◆ Recorded data

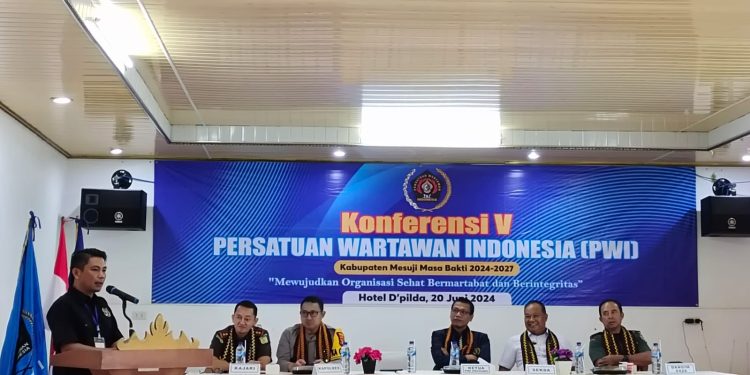 Aklamasi Ketua PWI, Apriadi Jilat Ludah Sendiri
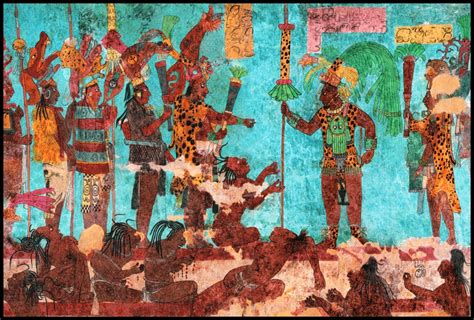 Los murales de Bonampak - Atractivos turisticos de Mexico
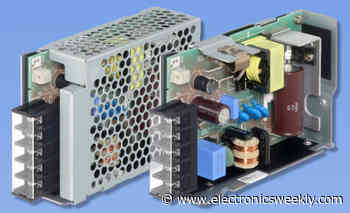 15, 30 and 50W mains PSUs for industrial loads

◆ Brief
Without including any picture, copy the listing above exactly and in full.

◆ Expected answer
 Aklamasi Ketua PWI, Apriadi Jilat Ludah Sendiri
 Los murales de Bonampak - Atractivos turisticos de Mexico
 15, 30 and 50W mains PSUs for industrial loads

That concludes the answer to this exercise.